Étrange objet que celui-là, qui proclame dans son titre même une bien curieuse bipolarité et un saisissant paradoxe : Pierre Lapointe nous promet-il ici une plongée au cœur de la passion, un voyage émotif et bouleversant ? Ou, au contraire, propose-t-il quelque savante architecture musicale, quelque minutieuse et froide dissection du muscle de l’amour ? Même après quelques écoutes, on ne sait trop. On s’interroge.
La pochette de l’album, signée Pascal Blanchet, est superbe, avec quelque chose du kitsch froid et décalé de Mad Men. Bel objet, se dit-on. Bien sûr : après tout, il s’agit d’un disque de Pierre Lapointe. L’homme a du goût – quoiqu’on puisse ne pas le partager. Le contenu musical est à l’avenant : fin, poli, travaillé. Onze pièces minutieusement serties dans un élégant collier de perles musicales. Court, le collier : trente-six minutes à peine. Court, mais élégant, cohérent, magnifiquement calibré. Un bijou parfait, confectionné par un joaillier virtuose.
La pièce éponyme, qui ouvre l’album, prend la forme d’un bouleversant crescendo, méditation glaciale et glaçante sur le temps qui passe, le malheur, les amours envolées et le corps qui lâche. La plume est acérée, sans pitié : on frémit lorsque l’artiste scande, en détachant parfaitement chaque syllabe : « Tu repenses à ta grand-mère, te dis qu’elle t’a vraiment aimé/Tu revois sa couche pleine venant tout juste de déborder ». Un coup de scalpel.

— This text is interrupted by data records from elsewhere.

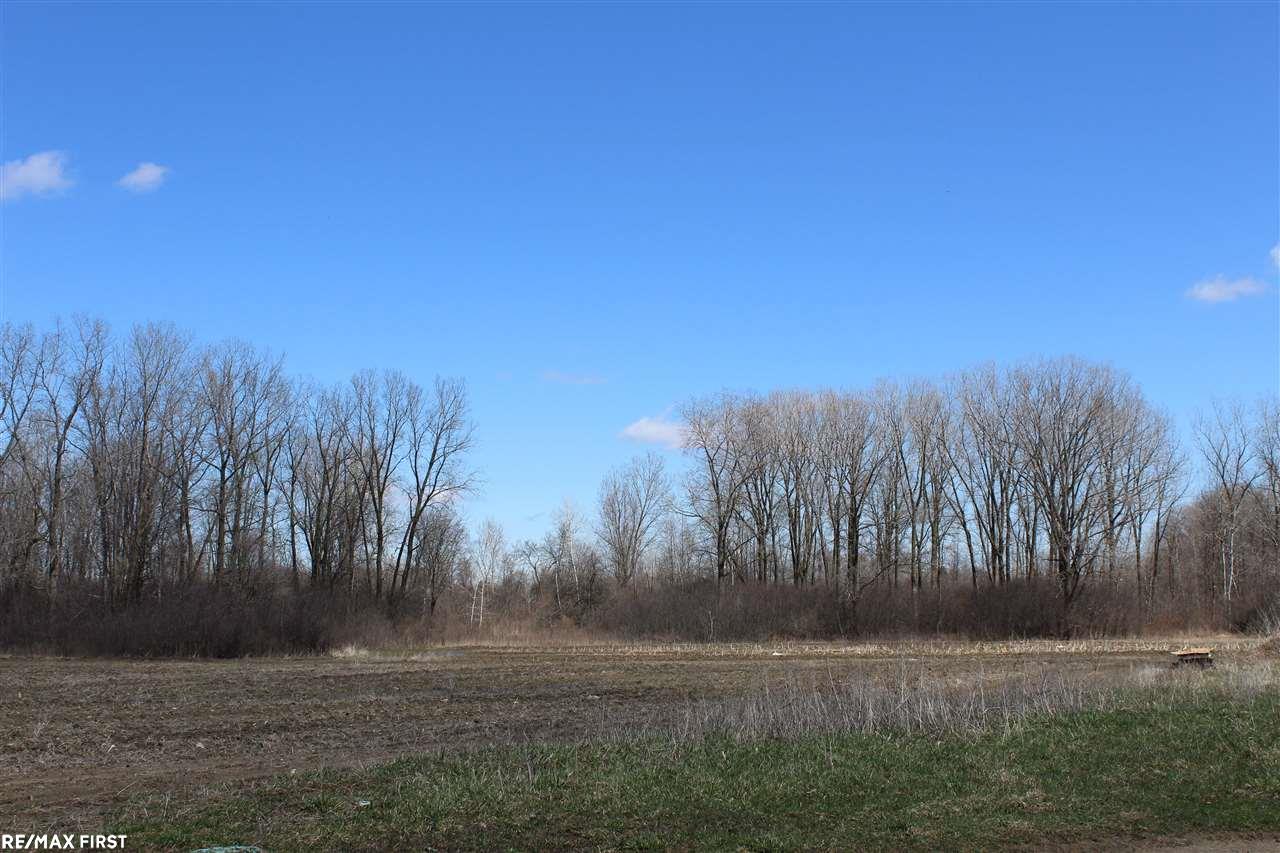 0 Connell Road Yale, MI 48097 - Photo 8 of 22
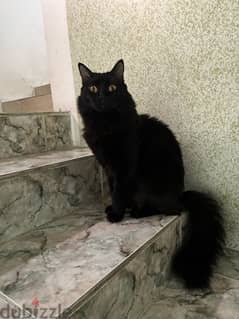 cat for adoption قط للتبني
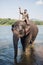 Elephant washing in the river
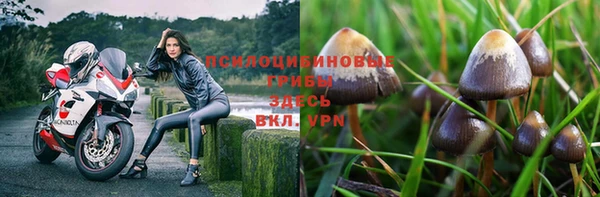 соль ск Нязепетровск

Quelques pistes plus loin, Sais-tu vraiment qui tu es ? enchaîne les observations cruelles et existentielles. La langue est propre, châtiée, coupante ; parfois, la parole s’emballe, le couteau glisse et s’émousse, comme lorsque Lapointe fait le tour du monde en une strophe : « Tu as déjà vomi l’Asie/Les Amériques sont tes amies/Quand tu nous parles de l’Europe/Tu dis d’elle qu’elle est une salope ». Qu’il est honteux d’être humain, juste avant, souffrait déjà de la même lourdeur poétique, du geste brusque qui sonne faux, de l’enflure qui fait rater la cible. D’un poil, mais tout de même.
Une oeuvre ambitieuse
La science du cœur est un disque ambitieux, œuvre d’un auteur-compositeur-interprète sûr de son talent et de ses moyens. Le travail de David François Moreau, à la réalisation, est impeccable. La musique, presque entièrement acoustique, est souvent sublime : les cordes, riches, vibrantes, donne à l’ensemble une rare profondeur orchestrale. Au diable les rythmes synthétiques et les atmosphères électroniques et artificielles : ici, tout est organique et mélodique, le piano se marie aux violons. Pierre Lapointe creuse son sillon : on reconnaît sa patte musicale dès la première écoute. Pour un peu, on se croirait perdu de nouveau dans la forêt des mal-aimés.
Mais voilà : on n’y est pas. La magie ensorcelante de la forêt hantée, sa poésie mythique et fantastique ont laissé place aux teintes cliniques et aux synapses invincibles de la science et de la méthode. Certes, tout est beau – malheureusement, tout est froid. Ou presque. Le retour d’un amour est un hymne poignant et splendide : une grande chanson française, sentie, puissante, déchirante. « Suis-je con ? Suis-je mal ?/Me suis-je déloyal ?/Suis-je nouvellement aveugle ou ai-je retrouvé la vue ? » Tout est dit. Tout est là. Une lettre, dont la musique a été composée par Daniel Bélanger, frôle les mêmes sommets. Mais, à côté de ces moments criants de vérité, il y Alphabet, une interminable énumération d’aphorismes pédants et de références pétries de haute culture contemporaine, qui nous font dire que cette dernière offrande n’est pas seulement ambitieuse : elle est aussi un peu prétentieuse.
Il s’agit de le répéter : l’objet est beau. Reste qu’à l’arrivée, ce nouvel opus est bien davantage cérébral qu’émouvant. On a perdu le cœur de vue en cours de route : à la fin, c’est bien la tête qui triomphe.